=== EXERCISE BRIEF ===
Could you repeat the whole listing below exactly, omitting any picture it holds?

=== SUPPLIED DATA ===

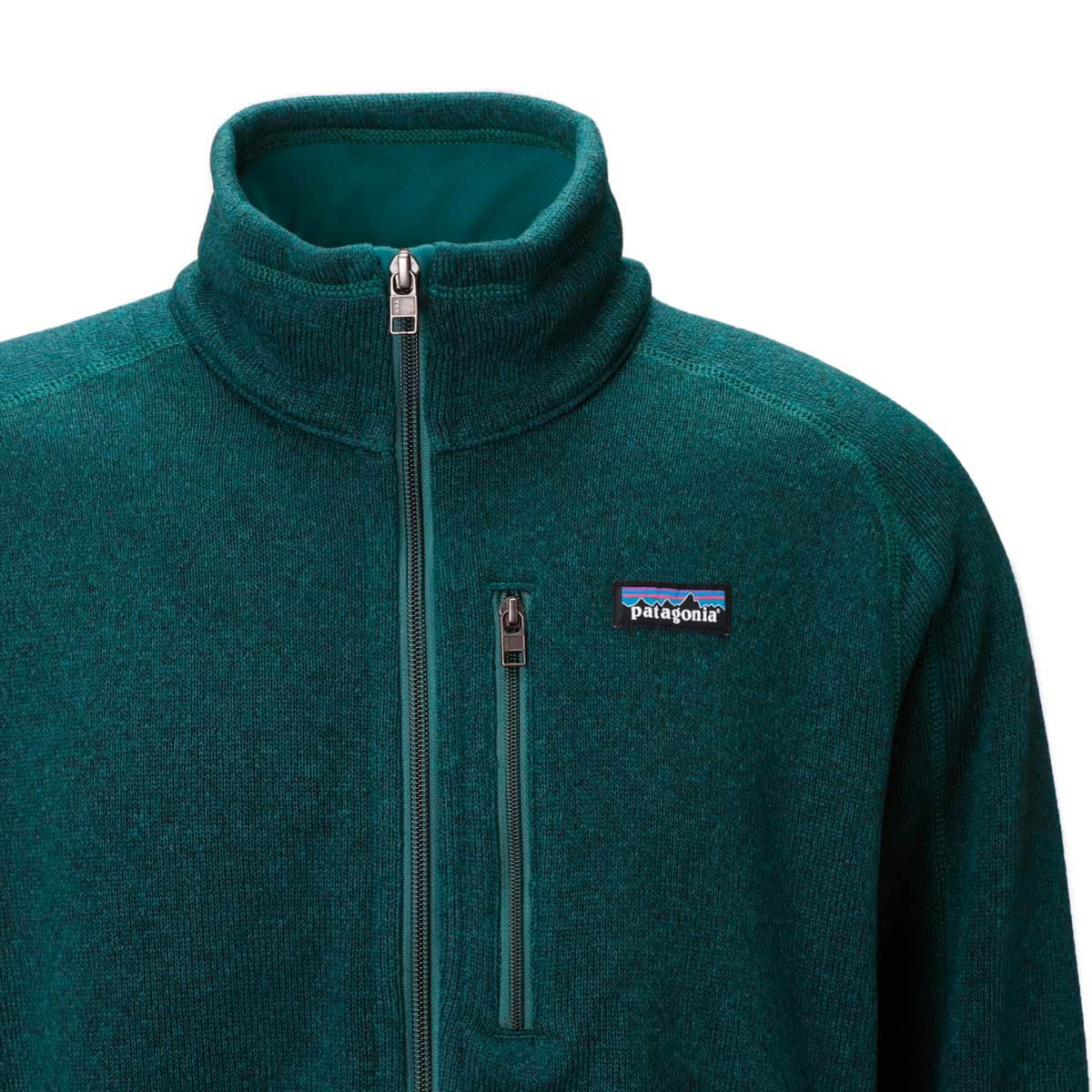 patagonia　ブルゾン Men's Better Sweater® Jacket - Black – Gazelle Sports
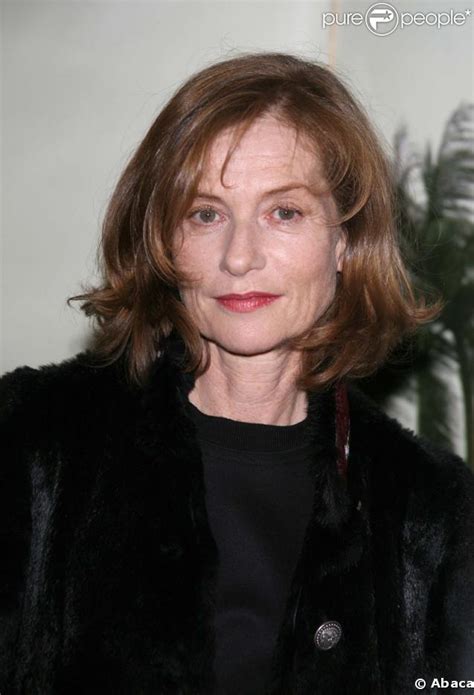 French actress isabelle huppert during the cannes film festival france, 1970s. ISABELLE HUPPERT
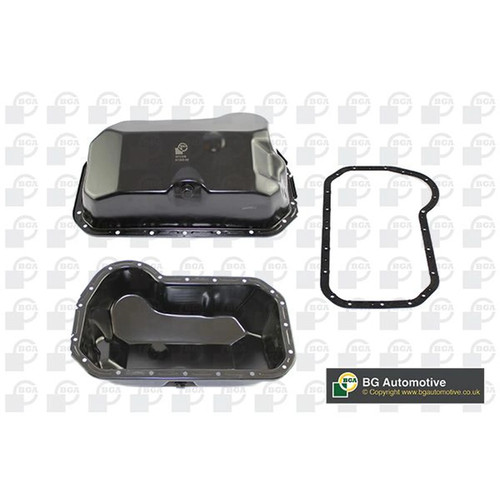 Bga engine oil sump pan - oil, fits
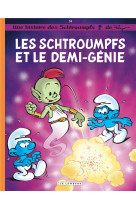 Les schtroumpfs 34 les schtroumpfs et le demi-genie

=== WRITTEN RESPONSE ===
 patagonia　ブルゾン Men's Better Sweater® Jacket - Black – Gazelle Sports
 French actress isabelle huppert during the cannes film festival france, 1970s. ISABELLE HUPPERT
 Bga engine oil sump pan - oil, fits
 Les schtroumpfs 34 les schtroumpfs et le demi-genie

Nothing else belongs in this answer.